Major technical advances in MRI have allowed the above approaches to be developed for non-invasive measurement of soft tissue deformations. With continued advances in MRI technology that may increase resolution and shorten loading times, these approaches and others may enable dynamic three-dimensional collection of physiologically loaded soft tissues both in vivo and in vitro.

Zaoyang Guo's picture

Dear

Very interest topic. One of my research interests is to develop hyperelastic constitutive model for soft tissue. If the strain measurement requires the constitutive model to be pre-determined, then the experiment vs. model is like egg vs. hen. Which one should come first?

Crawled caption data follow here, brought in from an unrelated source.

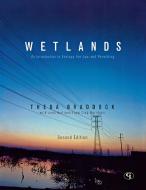 Wetlands di Theda Braddock edito da Government Institutes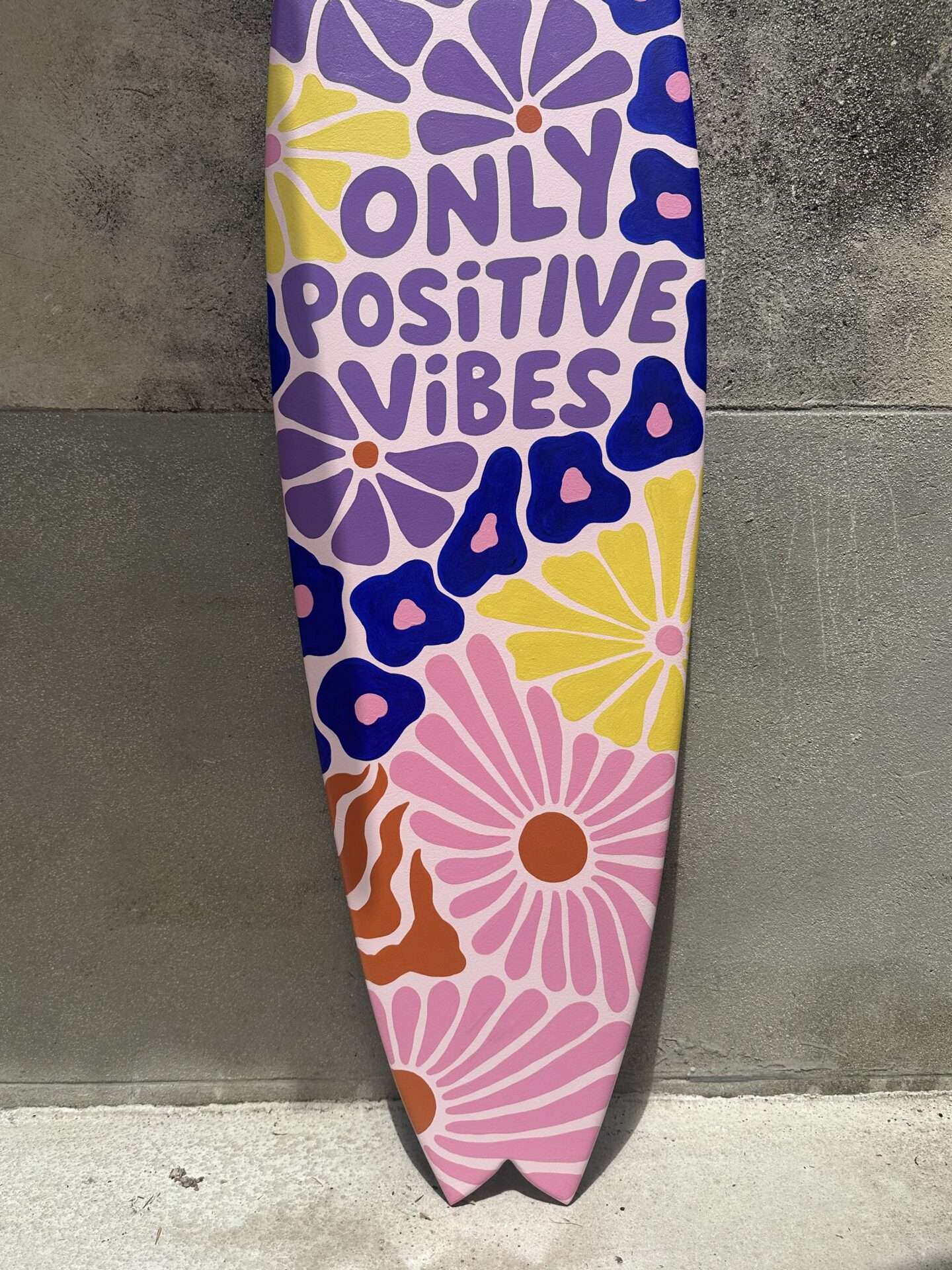 Planche « Floria » – Image 3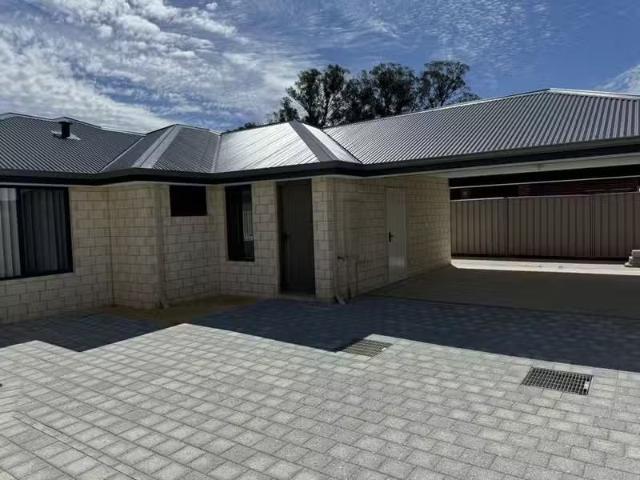 House for rent in Bunbury, Western Australia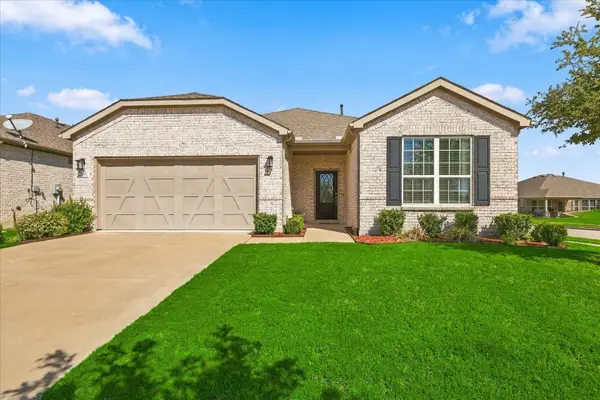 965 Memorial Drive, Little Elm, TX 76227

I cannot access the papers you mentioned currently, can you introduce more about the resolution of the strain measurement?

Many thanks,

 

Zaoyang 

 

 

MichelleLOyen's picture

H. Lu et al did some beautiful work on higher order effects in Digital Image Correlation, see

Deformation Measurements by Digital Image Correlation: Implementation of a Second-order Displacement Gradient

by H. Lu and P.D. Cary, Experimental Mechanics 40 (2000) 393.

Most algorithms for strain measurement are direct and do not require an assumed functional form to the constitutive model.

My concern is in the time-dependent mechanical behavior of soft tissues in this context.  If you deform the sample rapidly and use these data to  examine local strains, you might get a very different picture than if you examine the equilibrium configuration, where physical rearrangement of the tissue microstructure might be possible.